_Work required_: Transcribe the data exactly. Pictures stay out.

----- The data

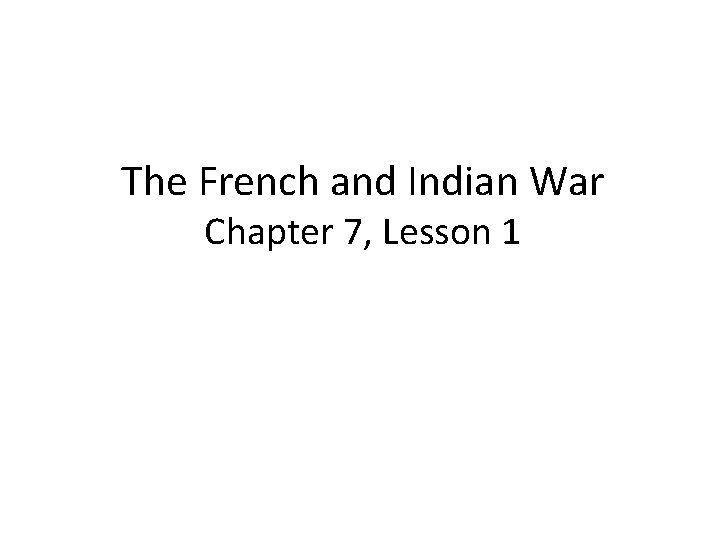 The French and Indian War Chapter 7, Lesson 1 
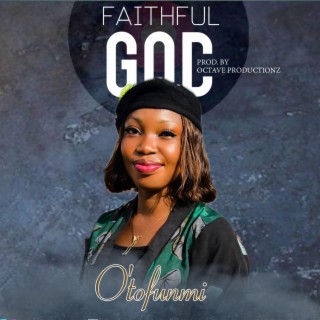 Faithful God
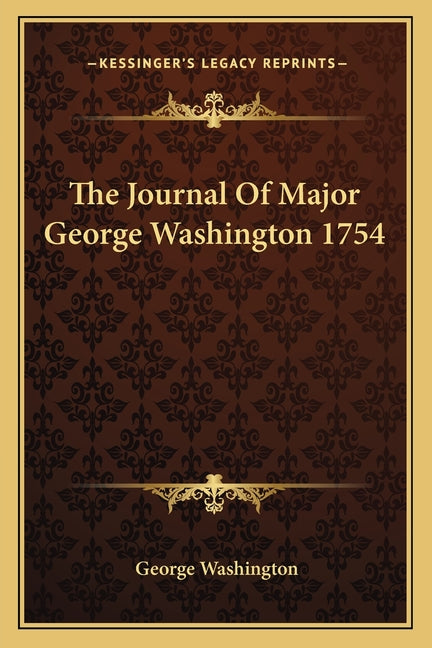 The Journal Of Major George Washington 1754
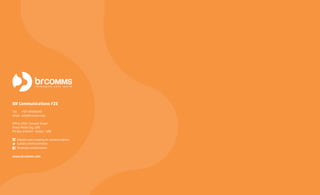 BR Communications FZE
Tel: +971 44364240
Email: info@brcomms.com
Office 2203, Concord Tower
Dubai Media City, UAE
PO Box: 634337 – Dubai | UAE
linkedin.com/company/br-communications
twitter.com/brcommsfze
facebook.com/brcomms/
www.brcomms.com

----------

_Answer to this task_:
 The French and Indian War Chapter 7, Lesson 1 
 Faithful God
 The Journal Of Major George Washington 1754
 BR Communications FZE
Tel: +971 44364240
Email: info@brcomms.com
Office 2203, Concord Tower
Dubai Media City, UAE
PO Box: 634337 – Dubai | UAE
linkedin.com/company/br-communications
twitter.com/brcommsfze
facebook.com/brcomms/
www.brcomms.com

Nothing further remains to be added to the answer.